Comunidad > Reclamo en Calingasta
La vereda bloqueada que obliga a los vecinos a caminar por la ruta, sigue igual
La vereda sobre la Ruta 149, ubicada a metros de la Escuela La Capilla, en Calingasta, sigue clausurada. Vecinos exigen soluciones antes del inicio de clases.
A casi un año del inicio de los reclamos, y a siete meses de hacerlo público en DIARIO HUARPE, la vereda ubicada sobre la Ruta Nacional 149, adyacente a la Escuela La Capilla, en la villa de Calingasta, permanece clausurada y sin soluciones a la vista. La situación, lejos de resolverse, se prolonga en el tiempo y mantiene en vilo a una comunidad que exige respuestas urgentes al Municipio y a Vialidad Nacional, especialmente ante la proximidad del inicio del ciclo lectivo.
“Ha pasado casi un año desde que comenzamos a reclamar por la obstrucción de la vereda ubicada a metros del establecimiento educativo, sobre la Ruta Nacional 149 y, lamentablemente, tenemos que decir que seguimos igual”, dijo a DIARIO HUARPE Hugo Gómez, vecino de la villa de Calingasta e integrante activo de la comunidad del departamento del Oeste sanjuanino.
Un trayecto cotidiano convertido en peligro
La falta de acción oficial mantiene bloqueado el tramo peatonal, obligando a vecinos, estudiantes y familias a caminar directamente por la calzada, en convivencia permanente con el tránsito vehicular. La consecuencia es clara y alarmante: el riesgo constante de un accidente que podría evitarse con medidas básicas de infraestructura y prevención.
Durante los meses de escolaridad, el sector registra movimiento peatonal. Sin embargo, no existe señalización preventiva, vallado ni advertencias visibles para los conductores. La escena se repite día tras día: niños y adultos caminando al borde del asfalto, vehículos que circulan sin reducir la velocidad y una comunidad cansada de esperar respuestas que nunca llegan.
El cierre de la vereda responde a un problema administrativo. Según se informó oportunamente a DIARIO HUARPE, la obra fue construida sin los permisos correspondientes. No obstante, más allá de la cuestión legal, lo concreto es que la vía peatonal quedó físicamente obstruida, sin ofrecer una alternativa segura para quienes deben transitar por la zona.
Preguntas sin respuesta
La comunidad se pregunta por qué, al detectarse la irregularidad de la obra, no se avanzó en paralelo con una solución que permitiera mantener el paso seguro de los peatones. El tiempo transcurre, pero ni el municipio ni Vialidad Nacional lograron ofrecer una salida concreta.
“El municipio y Vialidad Nacional no han actuado, ni siquiera señalizando la zona para que automovilistas y peatones tomen precauciones ante el peligro inminente que se presenta”, expresó Gómez a este medio.

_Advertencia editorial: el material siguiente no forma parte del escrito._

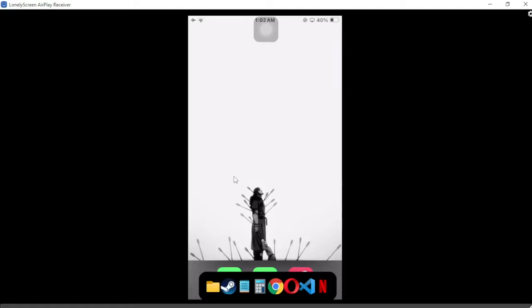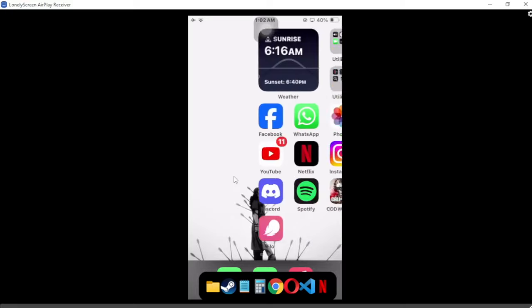Hello guys, in this video I'm going to show you how to link your partner on the Flow application on Android or iOS. First, you need to download the Flow application on Android or iOS.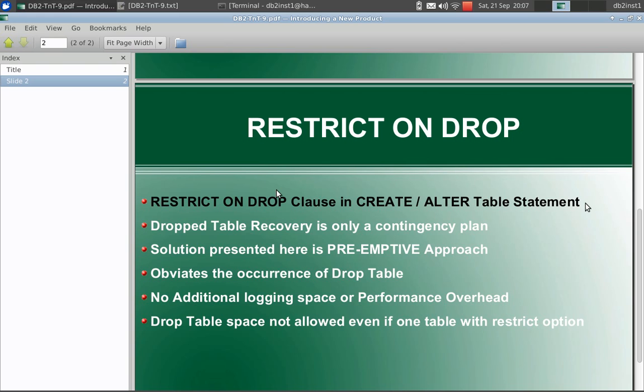This will give you if there is some kind of typo errors or spelling mistakes, it will give you that second chance, whether I really need to do this activity. So you can decide to drop the table or leave it as it is.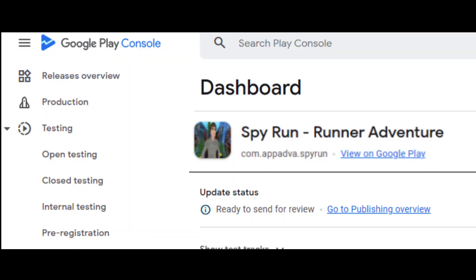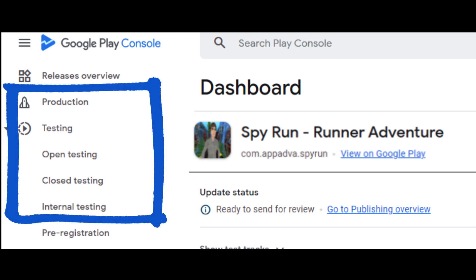Play Console provides different types of testing tracks so that you can gradually ramp up testing and improve your app to the point that it's ready to reach billions of users on Google Play. The available tracks are internal testing, closed testing, open testing, and production.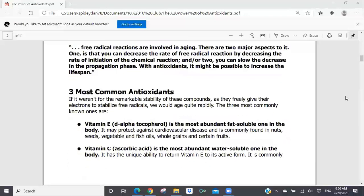When we look at antioxidants, the three most common ones people typically know about are Vitamin E — the most fat-soluble vitamin — and Vitamin C — the most abundant water-soluble vitamin. Vitamin E is a powerful antioxidant and fat-soluble, so it can hang around longer in your body. Vitamin C is a powerful antioxidant but water-soluble, so it washes out of your system faster. That's why if you take a large amount of Vitamin C at one time, your urine turns bright yellow — your body can't absorb all of it and flushes it out through your kidneys.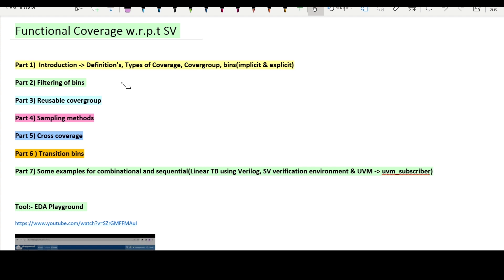In the first part we'll explore the definition of coverage, types of coverage — as you know code coverage is there — then functional coverage with respect to SystemVerilog, the definition of cover group, definition of bins, and how to define bins implicitly and explicitly. In the second part we will explore filtering of bins, how we can exclude bins from coverage calculation using illegal bins and ignore bins, and also what wildcard bins are and the advantages of wildcard bins with examples.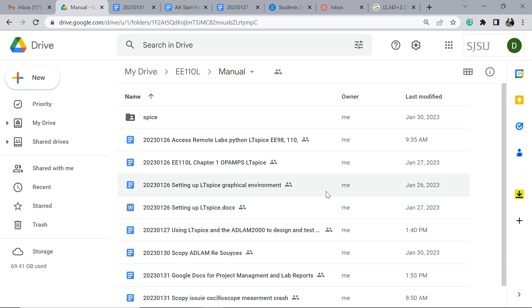Today I'm going to show you how to set up your Google Doc directory to do project management and manage your lab reports.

Reclamos formales y propuestas alternativas
El vecino detalló que, con el aval de cientos de firmas, el pedido de solución fue presentado oportunamente ante el Concejo Deliberante, aunque hasta el momento no recibieron novedades. Además, desde la comunidad acercaron propuestas para destrabar el conflicto.

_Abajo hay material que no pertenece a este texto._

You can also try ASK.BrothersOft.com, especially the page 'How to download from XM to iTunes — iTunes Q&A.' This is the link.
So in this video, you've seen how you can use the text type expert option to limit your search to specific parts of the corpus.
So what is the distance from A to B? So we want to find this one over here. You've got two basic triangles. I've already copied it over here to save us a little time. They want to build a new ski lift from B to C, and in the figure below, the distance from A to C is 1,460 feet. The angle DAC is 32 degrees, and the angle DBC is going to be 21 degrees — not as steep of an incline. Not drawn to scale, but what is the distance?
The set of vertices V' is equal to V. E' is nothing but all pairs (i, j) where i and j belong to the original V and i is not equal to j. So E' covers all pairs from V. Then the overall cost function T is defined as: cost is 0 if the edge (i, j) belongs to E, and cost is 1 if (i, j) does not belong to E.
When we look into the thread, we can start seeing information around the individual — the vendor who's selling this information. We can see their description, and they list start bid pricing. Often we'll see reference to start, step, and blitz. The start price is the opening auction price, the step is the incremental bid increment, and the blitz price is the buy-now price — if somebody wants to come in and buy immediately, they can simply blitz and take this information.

“Incluso hemos propuesto como solución alternativa que la calle se transforme en peatonal. Es una idea que podría servir también para potenciar el lugar con una feria de artesanías y productos regionales”, explicó Gómez.
Falta de medidas preventivas
La denuncia no apunta únicamente a la ausencia de una solución definitiva, sino también a la falta total de medidas transitorias. La señalización, una acción preventiva básica y de bajo costo, nunca fue considerada. Para muchos vecinos, esta omisión refleja una preocupante indiferencia por parte de las autoridades responsables.
“Parece que las vidas en este departamento no valen nada”, manifestó Betina Vera, vecina de la villa de Calingasta, expresando el malestar generalizado de la comunidad.
El cerro, los derrumbes y una decisión cuestionada
Según relatan los vecinos, la clausura se habría decidido para contener los desmoronamientos del cerro arcilloso ubicado junto a la vereda, que suele desprenderse durante lluvias intensas o movimientos sísmicos. Sin embargo, lejos de resolver el problema, la medida anuló el paso peatonal y obligó a cientos de personas a desplazarse por la Ruta 149, una vía de tránsito fluido y constante.
La situación resulta tan absurda como alarmante. En lugar de ejecutar una obra de contención adecuada para frenar los posibles desprendimientos del cerro, se optó por una medida improvisada que expone a peatones y estudiantes a un riesgo mayor.
“Es una incoherencia total. Taparon el único lugar seguro que teníamos para caminar con nuestros hijos, y ahora tenemos que hacerlo por la ruta, atentos a los autos y camiones que pasan”, finalizó diciendo el vecino.